▶ Directions for this task
Find the line below with "Mesa de presentación". Print it and every line after it exactly, through the last line, leaving out the pictures.

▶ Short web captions
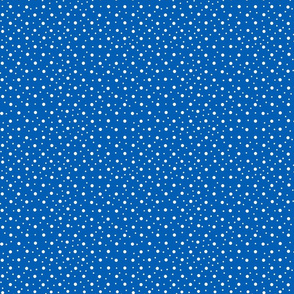White polka dots on blue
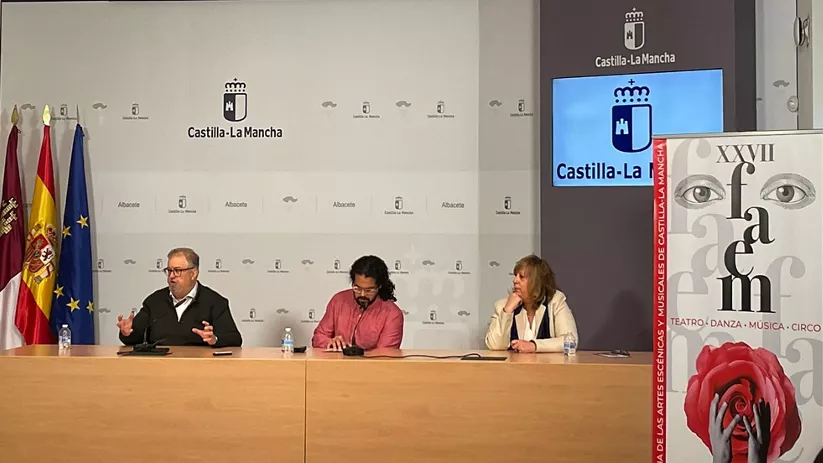 Mesa de presentación con ponentes sentados ante fondo institucional y carteles.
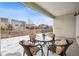 Covered patio area with outdoor seating and views of the fenced backyard at 9777 W Stanford Ave, Denver, CO 80123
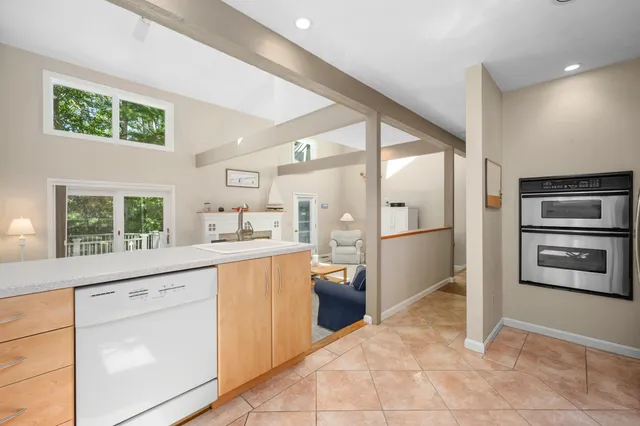 a kitchen with stainless steel appliances a refrigerator and a sink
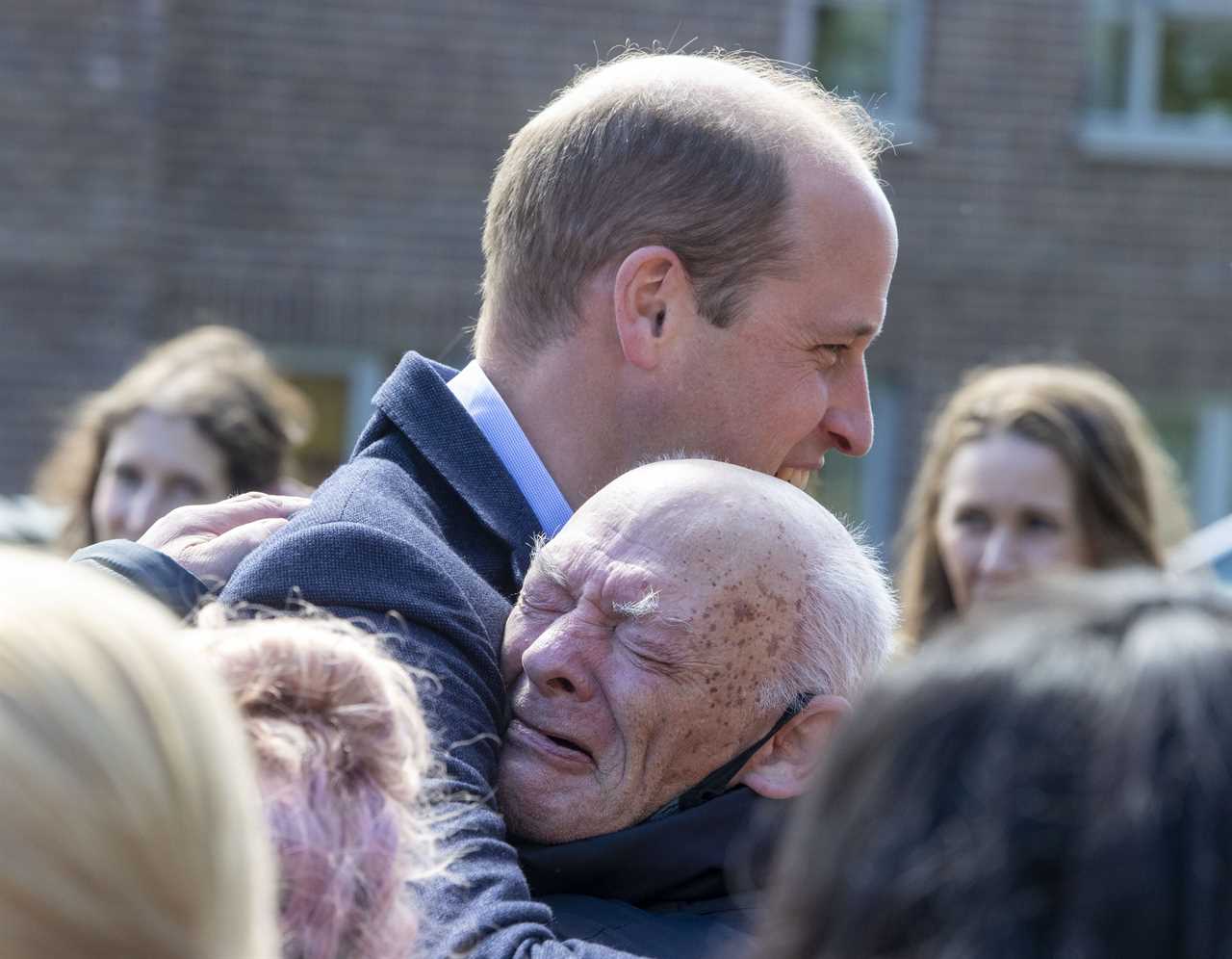 Prince William embraces a pensioner on a walkabout in Glasgow yesterday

▶ Task response
 Mesa de presentación con ponentes sentados ante fondo institucional y carteles.
 Covered patio area with outdoor seating and views of the fenced backyard at 9777 W Stanford Ave, Denver, CO 80123
 a kitchen with stainless steel appliances a refrigerator and a sink
 Prince William embraces a pensioner on a walkabout in Glasgow yesterday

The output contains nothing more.